Records to use:
--- START ---

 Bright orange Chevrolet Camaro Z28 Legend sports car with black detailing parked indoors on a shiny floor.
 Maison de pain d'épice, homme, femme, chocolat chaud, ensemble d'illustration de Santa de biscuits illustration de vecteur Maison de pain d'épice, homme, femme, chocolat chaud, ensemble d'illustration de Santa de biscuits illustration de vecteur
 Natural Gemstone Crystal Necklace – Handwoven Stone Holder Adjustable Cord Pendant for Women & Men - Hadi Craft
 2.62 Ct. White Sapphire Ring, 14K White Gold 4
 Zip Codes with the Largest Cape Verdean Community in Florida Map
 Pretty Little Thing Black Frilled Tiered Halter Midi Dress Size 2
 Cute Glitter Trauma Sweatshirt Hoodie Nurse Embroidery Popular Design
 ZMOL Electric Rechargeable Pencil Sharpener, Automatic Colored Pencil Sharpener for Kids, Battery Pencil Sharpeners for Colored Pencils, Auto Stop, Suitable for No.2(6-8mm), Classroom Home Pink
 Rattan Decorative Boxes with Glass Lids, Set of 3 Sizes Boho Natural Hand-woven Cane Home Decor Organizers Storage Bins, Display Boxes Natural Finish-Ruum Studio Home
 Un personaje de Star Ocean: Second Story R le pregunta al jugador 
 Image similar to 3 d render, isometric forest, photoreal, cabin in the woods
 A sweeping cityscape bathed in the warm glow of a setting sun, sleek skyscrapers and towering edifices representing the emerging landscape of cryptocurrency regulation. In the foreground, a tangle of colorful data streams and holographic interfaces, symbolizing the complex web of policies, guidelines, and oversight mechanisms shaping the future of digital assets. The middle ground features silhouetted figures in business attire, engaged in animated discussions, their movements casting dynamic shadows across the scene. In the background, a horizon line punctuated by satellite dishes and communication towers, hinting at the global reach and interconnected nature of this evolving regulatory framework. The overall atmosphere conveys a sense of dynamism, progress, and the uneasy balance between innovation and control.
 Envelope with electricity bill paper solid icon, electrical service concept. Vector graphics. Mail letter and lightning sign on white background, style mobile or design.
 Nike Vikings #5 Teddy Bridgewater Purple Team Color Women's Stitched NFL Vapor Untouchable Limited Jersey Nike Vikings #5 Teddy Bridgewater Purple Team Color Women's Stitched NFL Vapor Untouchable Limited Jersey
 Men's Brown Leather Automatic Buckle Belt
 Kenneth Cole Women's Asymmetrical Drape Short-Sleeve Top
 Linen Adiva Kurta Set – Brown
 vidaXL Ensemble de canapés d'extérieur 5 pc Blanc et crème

--- END ---

What is needed: Within the data above, filter for lines containing the word "Home" and copy each one.

Solution:
 ZMOL Electric Rechargeable Pencil Sharpener, Automatic Colored Pencil Sharpener for Kids, Battery Pencil Sharpeners for Colored Pencils, Auto Stop, Suitable for No.2(6-8mm), Classroom Home Pink
 Rattan Decorative Boxes with Glass Lids, Set of 3 Sizes Boho Natural Hand-woven Cane Home Decor Organizers Storage Bins, Display Boxes Natural Finish-Ruum Studio Home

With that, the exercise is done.